[Opening Dataset section section]

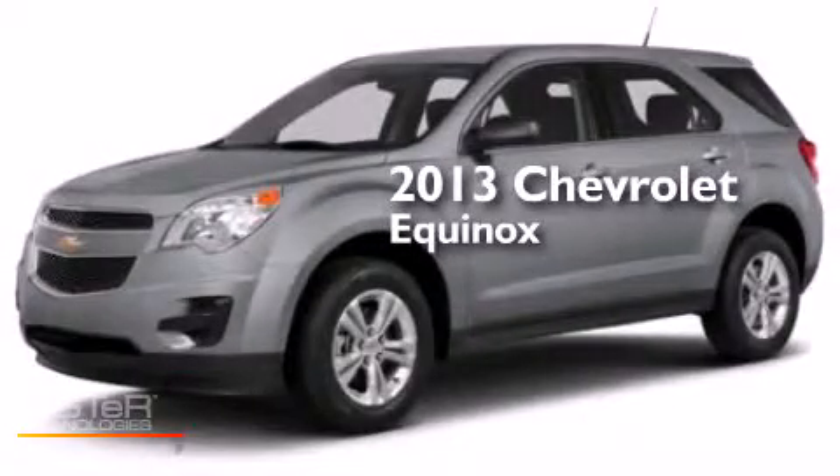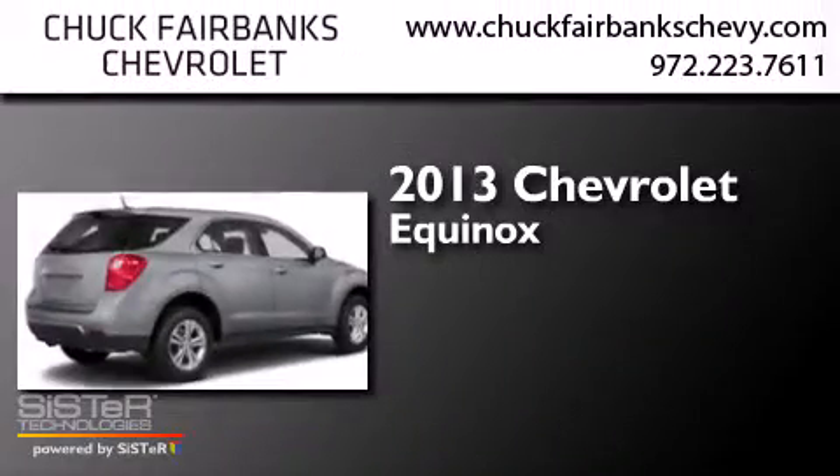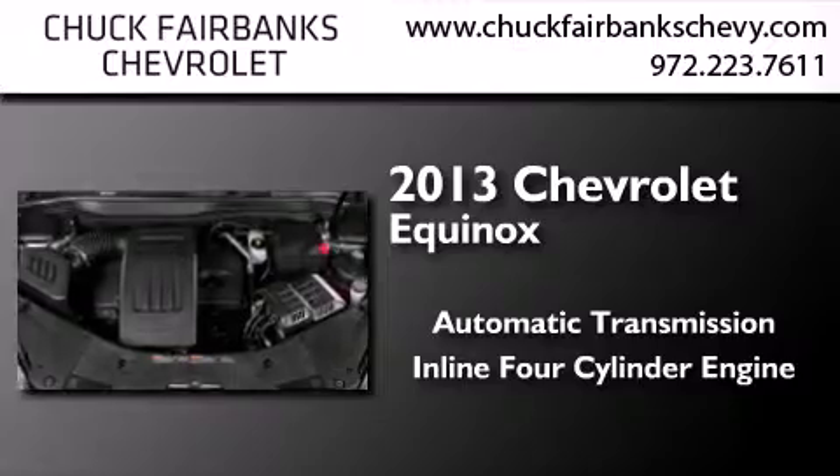This is a brand new 2013 Chevrolet Equinox. This crossover has an automatic transmission and an inline four-cylinder engine.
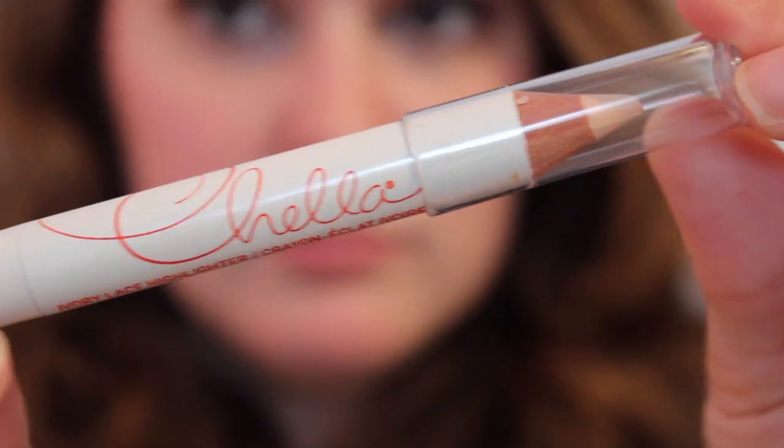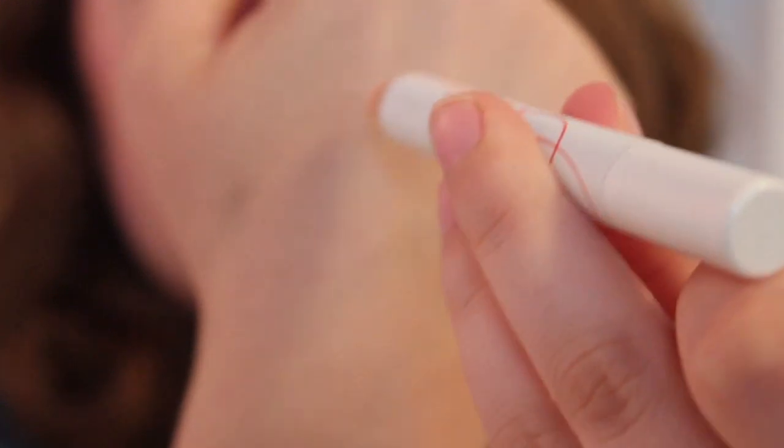The first product isn't particularly daring or anything, but it is the Chella — I'm not really sure how to pronounce it — Ivory Lace Highlighter. It's a really nice light beige crayon highlighter. I guess you could put it under your brow bone, or I've tested it under my cheekbone. It's not as glittery as some other highlighters, but it's nice if you just want a little bit of extra light on your cheekbones or wherever you deem it necessary to highlight.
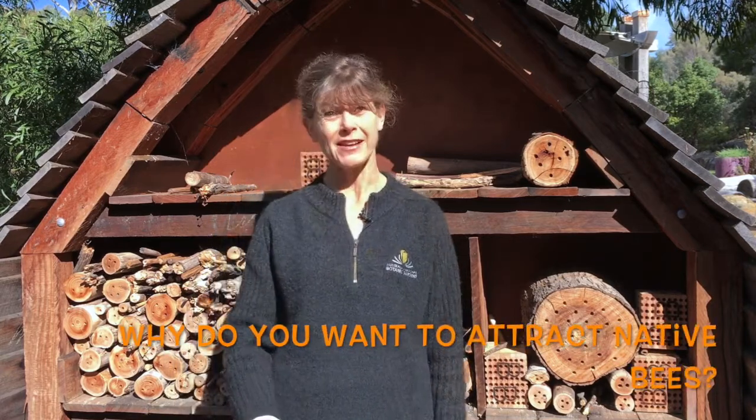Native bees are highly important to pollination. We have a wide variety of native bees here in the Australian National Botanic Gardens. Many of them don't necessarily occur in this region in Canberra, but because of the diversity of plants we have here, we get those native bees.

[Closing Dataset section section]

**Task description:** Transcribe the full listing above exactly, with the images removed.

**Task response:**
This is a brand new 2013 Chevrolet Equinox. This crossover has an automatic transmission and an inline four-cylinder engine.
The first product isn't particularly daring or anything, but it is the Chella — I'm not really sure how to pronounce it — Ivory Lace Highlighter. It's a really nice light beige crayon highlighter. I guess you could put it under your brow bone, or I've tested it under my cheekbone. It's not as glittery as some other highlighters, but it's nice if you just want a little bit of extra light on your cheekbones or wherever you deem it necessary to highlight.
Native bees are highly important to pollination. We have a wide variety of native bees here in the Australian National Botanic Gardens. Many of them don't necessarily occur in this region in Canberra, but because of the diversity of plants we have here, we get those native bees.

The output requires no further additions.